The fact that this question needs to be asked is a sad reflection on the state of international law as it relates to arms control and disarmament. The old-fashioned view enshrined in the legal concept pacta sunt servanda (treaties are observed) is unfortunately not seen as a strong enough basis for States to use for important decisions relating to their national security m the twenty-first century.

Following the extensive use of chemical weapons in the First World War, the members of the League of Nations signed the 1925 Geneva Protocol, prohibiting "the use in war of asphyxiating, poisonous or other gases, and of bacteriological methods of warfare". This simple prohibition of use, weakened as it was by reservations limiting its application to conflicts between signatories, and lacking controls on production of such weapons, has proved remarkably effective, and only a handful of instances of breach have been recorded in its 75 years of existence.

The Biological Weapons Convention (BWC) of 1972 was designed to complement the 1925 Protocol by banning their development, production and stockpiling. This instrument, negotiated immediately following a decision by the United States in 1969 to renounce biological weapons, is also very simple, containing no verification provisions other than a requirement to consult over problems and leaving to the United Nations Security Council the question of how to respond to any breach. This simple approach was accepted at the time because of the perception that biological weapons had little battlefield utility and that nuclear weapons could act as an adequate deterrent to all "weapons of mass destruction". The disclosure 10 years ago that the Soviet Union, a depository power of the Convention, had maintained a massive, secret development and production programme exposed the flaws of this scheme.

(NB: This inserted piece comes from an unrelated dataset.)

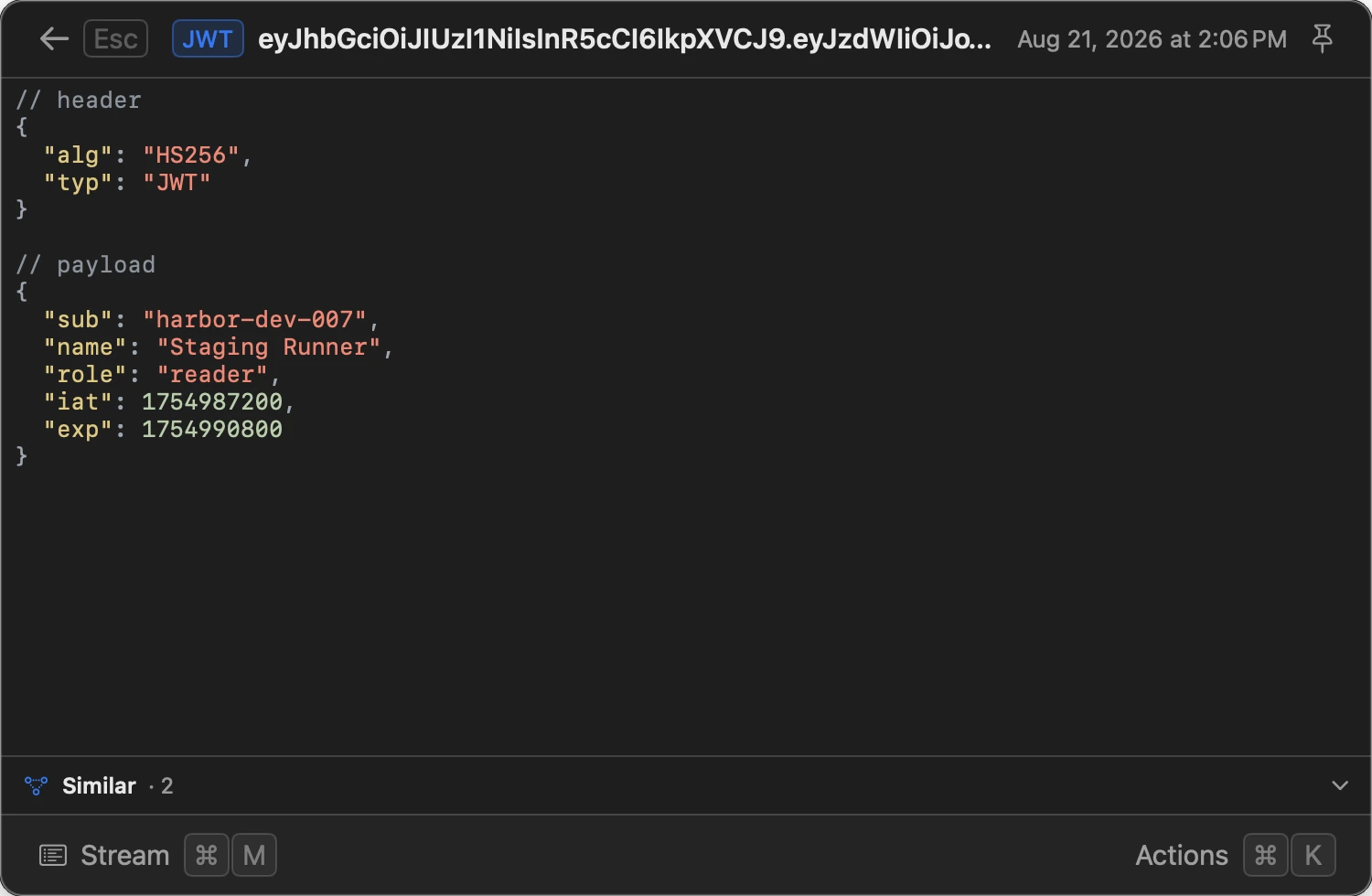 A JWT clip in Gisti shown decoded, with its header and payload as formatted JSON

Meanwhile, the international community had taken a much more cautious approach to the prohibition of chemical weapons. The Paris Convention of 1993 is complete in itself, reiterating the prohibition of use as well as of the development, production and stockpiling of chemical weapons, and requiring their destruction within a fixed time-frame. It has elaborate provisions for verification, including declarations by a State Party and inspections by a new international agency--the Organization for the Prohibition of Chemical Weapons--of both weapons and related facilities and civil chemical industry. The ultimate check is...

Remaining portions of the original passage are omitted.